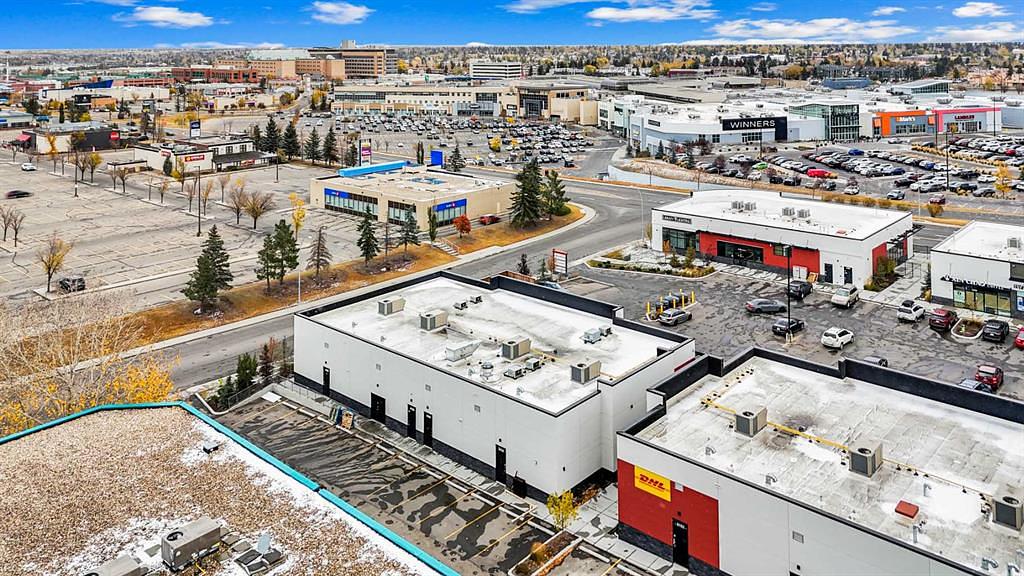 5102 - 2255 32 Street Northeast, Calgary, AB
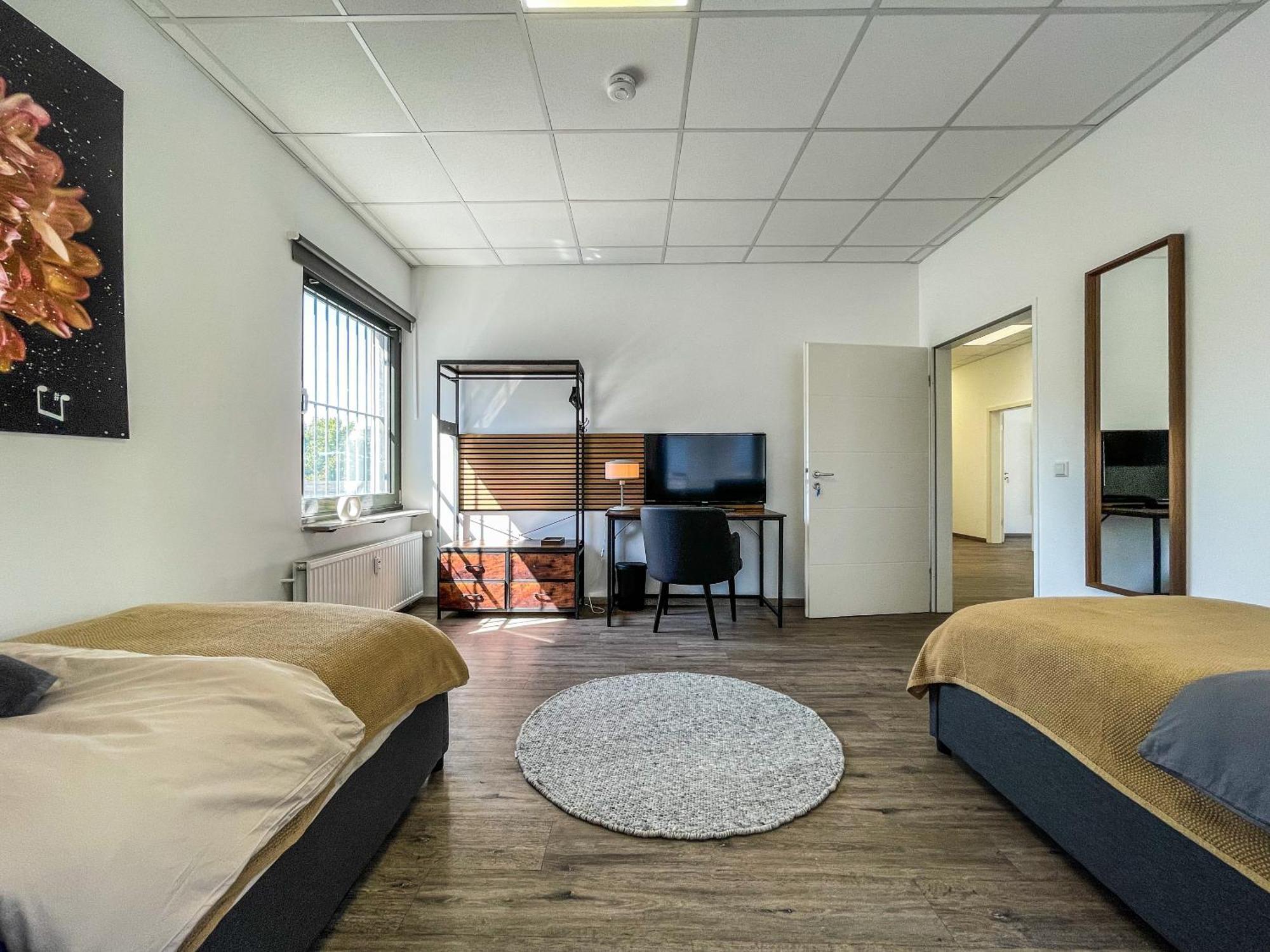 Apartment Downtown Hannover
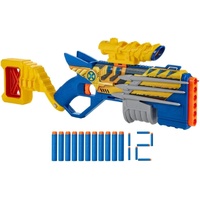 Nerf Marvel's X-Men '97 Wolverine Dart Launcher G3356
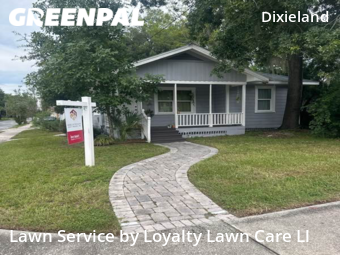 Lawn Mowing nearby Lakeland, FL, 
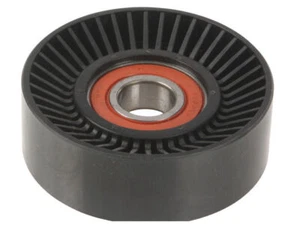 Dayco Premium Accessory Belt Idler Pulley fits Jaguar XJ6 1995-1997 13PXQB - Picture 1 of 1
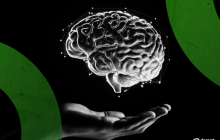 谷歌深度思维的资深人士筹集了11亿美元，以构建不以人类数据训练的人工智能。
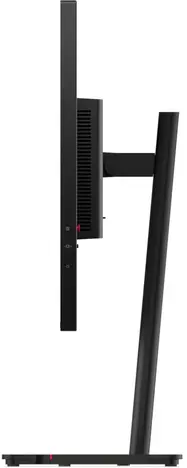 Монитор LENOVO T27Q-40 27.0-inch черный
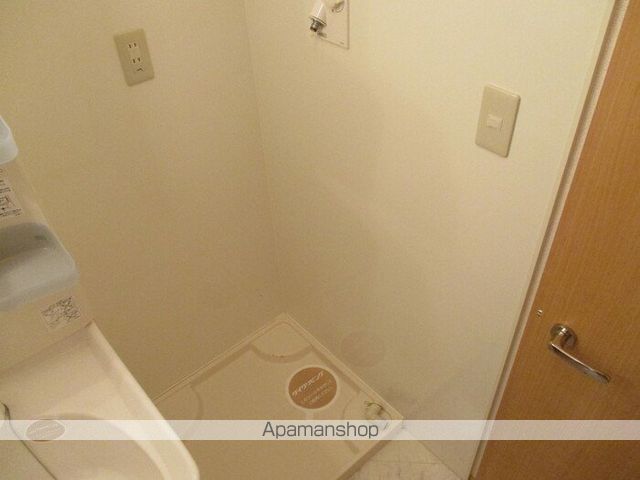 ヴィクトワールレーブの内装写真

> _TASK TO CARRY OUT_: Please write out the lines above exactly, from the one that contains "Dayco Premium Accessory" through the final line, and include none of the pictures.

> _EXERCISE ANSWER_:
 Dayco Premium Accessory Belt Idler Pulley fits Jaguar XJ6 1995-1997 13PXQB - Picture 1 of 1
 谷歌深度思维的资深人士筹集了11亿美元，以构建不以人类数据训练的人工智能。
 Монитор LENOVO T27Q-40 27.0-inch черный
 ヴィクトワールレーブの内装写真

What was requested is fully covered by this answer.